19. I wish I'd never started smoking, and I hope I never quit.

20. When I learned I was diabetic, my first thought--no kidding--was to all the books I won't get to read because of a shortened life span. When I turned 50, I actually counted the number of dogs left in my life, by relative sizes: I have maybe 3 large dogs left, maybe 1 terrier. The number of cats is nicely fluid, thankfully, cats being what they are.

21. Dogs live in two worlds: Good Dog, and Bad Dog. That's all they know. They assume their default position is Good Dog, but are constantly looking for your affirmation of that fact.

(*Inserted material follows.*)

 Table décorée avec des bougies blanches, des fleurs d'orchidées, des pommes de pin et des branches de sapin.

Once they've been sentenced to Bad Dog, they do everything they can to get off the schneid, and get back to Good Dog. Most people are like this too, but labor under the delusion that they are more complicated than that. All most us really want is for someone to muss up our hair and ask "who's a good boy?"

22. Except for my parents, there isn't anyone left alive who remembers the little boy I was some 40 years ago. We disappear twice over the years--the last one of course is our own deaths, but before that there is the slow erosion of who we are and were, grains of our past carried off by the deaths of loved ones and friends. For many years there was a phalanx of biddy aunts and rough uncles, all of whom knew me from diapered ankle-biter to sullen teen. But they are gone now. Everyone except my parents knows only the grown Mark. Some day, sooner rather than later, that little boy will disappear forever.

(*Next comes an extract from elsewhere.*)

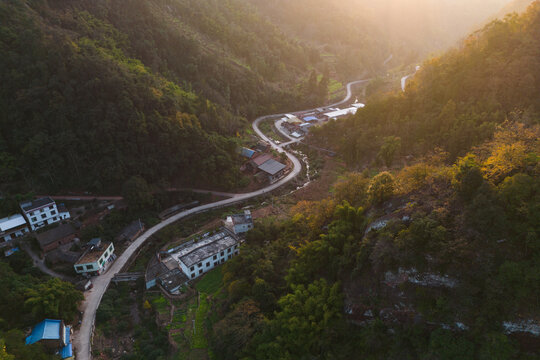 航拍山区乡村夕阳下的道路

23. Note to non-smokers: you need to get over yourselves. You cannot stop me from smoking. You cannot stop me from smoking where you are. If you don't like it, you must walk, silently, away from me. I am standing right here. I'm not moving. And I may have another while I'm here. And the same goes for vegans. That cig followed a thick, bloody steak. Not remotely interested in your opinion on the matter...and I may do all this wearing fur. Fuck those seals.

24. I am an unabashed watcher of TV, though my tastes are narrow. I like a lot of the shows cable is throwing up there now--Mad Men, Damages, Dexter, True Blood, Burn Notice, Rescue Me, and a few network shows: 30 Rock,  24, House, Law and Order. Hate the CSI franchise, hate shows that ripoff other shows, like The Mentalist (rips off Psych), the new one Lie to Me (rips off House, as did several other shows, starring an enigmatic self-loathing lead, and a supporting cast of people who comment on his self-loathing). No reality shows, ever! Also, refuse to watch any show with an FBI profiler, surely the biggest boon to TV in generations. I bet there were never more than a dozen profilers in the history of the FBI, but there have been hundreds on TV, all psychically damaged by their gifts and way too young (and most under 30, female, and beautiful)-- which is funny, because in the real FBI, you are dogshit till your 40s.


25. I hate contrarians. 

So sayeth I.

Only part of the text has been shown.